▶ **Source data**:
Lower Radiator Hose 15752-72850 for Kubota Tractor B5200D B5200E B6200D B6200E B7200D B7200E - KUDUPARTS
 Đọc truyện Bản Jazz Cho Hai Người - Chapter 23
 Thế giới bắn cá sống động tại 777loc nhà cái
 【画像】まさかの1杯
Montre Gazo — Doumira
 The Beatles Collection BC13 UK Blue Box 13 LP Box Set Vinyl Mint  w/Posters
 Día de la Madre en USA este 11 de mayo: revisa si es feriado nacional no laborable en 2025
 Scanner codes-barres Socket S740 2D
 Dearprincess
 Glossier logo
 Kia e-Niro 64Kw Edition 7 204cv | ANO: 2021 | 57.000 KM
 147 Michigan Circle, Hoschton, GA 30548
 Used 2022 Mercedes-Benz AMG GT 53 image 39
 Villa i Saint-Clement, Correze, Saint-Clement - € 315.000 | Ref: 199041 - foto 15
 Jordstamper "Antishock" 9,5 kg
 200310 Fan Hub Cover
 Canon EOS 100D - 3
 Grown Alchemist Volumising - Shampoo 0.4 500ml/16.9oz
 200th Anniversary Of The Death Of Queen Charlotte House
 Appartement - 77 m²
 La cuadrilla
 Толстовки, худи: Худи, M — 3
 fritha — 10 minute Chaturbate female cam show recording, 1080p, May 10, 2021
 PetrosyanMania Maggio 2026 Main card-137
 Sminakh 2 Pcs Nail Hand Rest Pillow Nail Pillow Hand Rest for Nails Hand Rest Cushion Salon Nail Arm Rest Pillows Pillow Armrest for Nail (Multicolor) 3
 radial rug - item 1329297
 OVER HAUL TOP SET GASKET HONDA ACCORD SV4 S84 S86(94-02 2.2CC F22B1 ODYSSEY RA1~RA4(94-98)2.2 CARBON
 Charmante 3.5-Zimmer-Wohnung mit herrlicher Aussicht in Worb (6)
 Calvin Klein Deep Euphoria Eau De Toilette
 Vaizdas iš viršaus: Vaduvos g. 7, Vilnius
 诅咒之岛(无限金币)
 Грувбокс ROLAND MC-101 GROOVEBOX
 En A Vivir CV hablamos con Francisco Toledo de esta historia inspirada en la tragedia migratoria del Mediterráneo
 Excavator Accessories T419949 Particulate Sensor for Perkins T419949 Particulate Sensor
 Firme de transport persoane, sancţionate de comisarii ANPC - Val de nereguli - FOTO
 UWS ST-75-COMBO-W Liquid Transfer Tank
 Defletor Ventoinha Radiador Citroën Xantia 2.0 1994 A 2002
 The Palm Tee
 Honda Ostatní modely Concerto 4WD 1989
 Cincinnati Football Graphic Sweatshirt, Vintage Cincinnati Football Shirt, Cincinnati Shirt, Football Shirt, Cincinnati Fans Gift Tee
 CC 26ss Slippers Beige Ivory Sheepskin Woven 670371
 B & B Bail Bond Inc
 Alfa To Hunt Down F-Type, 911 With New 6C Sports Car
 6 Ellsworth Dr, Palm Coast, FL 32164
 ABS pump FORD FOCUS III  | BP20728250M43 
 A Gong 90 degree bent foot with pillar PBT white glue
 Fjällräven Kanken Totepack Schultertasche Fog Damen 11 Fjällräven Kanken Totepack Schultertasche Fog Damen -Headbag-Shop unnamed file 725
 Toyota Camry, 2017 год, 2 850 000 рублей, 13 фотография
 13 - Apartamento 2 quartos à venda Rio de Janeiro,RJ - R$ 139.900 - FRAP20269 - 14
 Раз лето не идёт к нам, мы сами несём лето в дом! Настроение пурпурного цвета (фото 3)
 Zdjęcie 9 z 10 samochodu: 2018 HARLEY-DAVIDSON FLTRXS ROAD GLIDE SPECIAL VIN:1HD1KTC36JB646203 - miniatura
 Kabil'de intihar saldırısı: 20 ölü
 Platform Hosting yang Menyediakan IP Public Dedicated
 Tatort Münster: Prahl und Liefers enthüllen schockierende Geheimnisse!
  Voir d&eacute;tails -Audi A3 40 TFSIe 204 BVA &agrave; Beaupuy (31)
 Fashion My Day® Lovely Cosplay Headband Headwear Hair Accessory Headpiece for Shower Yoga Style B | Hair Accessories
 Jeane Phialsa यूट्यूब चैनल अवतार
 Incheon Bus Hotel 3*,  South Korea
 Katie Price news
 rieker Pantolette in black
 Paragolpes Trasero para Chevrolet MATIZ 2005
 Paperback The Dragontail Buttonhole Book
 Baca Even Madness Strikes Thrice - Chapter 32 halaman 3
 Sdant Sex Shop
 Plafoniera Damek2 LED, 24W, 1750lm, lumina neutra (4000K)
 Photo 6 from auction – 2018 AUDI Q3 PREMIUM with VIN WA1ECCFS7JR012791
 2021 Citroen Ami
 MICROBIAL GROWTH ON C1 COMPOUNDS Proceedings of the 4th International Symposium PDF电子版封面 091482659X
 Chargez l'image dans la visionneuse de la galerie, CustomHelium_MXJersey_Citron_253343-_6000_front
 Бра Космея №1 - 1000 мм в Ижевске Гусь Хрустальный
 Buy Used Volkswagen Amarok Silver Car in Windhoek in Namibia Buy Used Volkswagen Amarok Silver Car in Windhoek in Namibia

▶ **Task brief**:
Only one stretch of the data above is needed. Restate it word for word, from the line containing "OVER HAUL TOP" through the line containing "Грувбокс ROLAND MC-101 GROOVEBOX", both ends included.

▶ **Completed task**:
 OVER HAUL TOP SET GASKET HONDA ACCORD SV4 S84 S86(94-02 2.2CC F22B1 ODYSSEY RA1~RA4(94-98)2.2 CARBON
 Charmante 3.5-Zimmer-Wohnung mit herrlicher Aussicht in Worb (6)
 Calvin Klein Deep Euphoria Eau De Toilette
 Vaizdas iš viršaus: Vaduvos g. 7, Vilnius
 诅咒之岛(无限金币)
 Грувбокс ROLAND MC-101 GROOVEBOX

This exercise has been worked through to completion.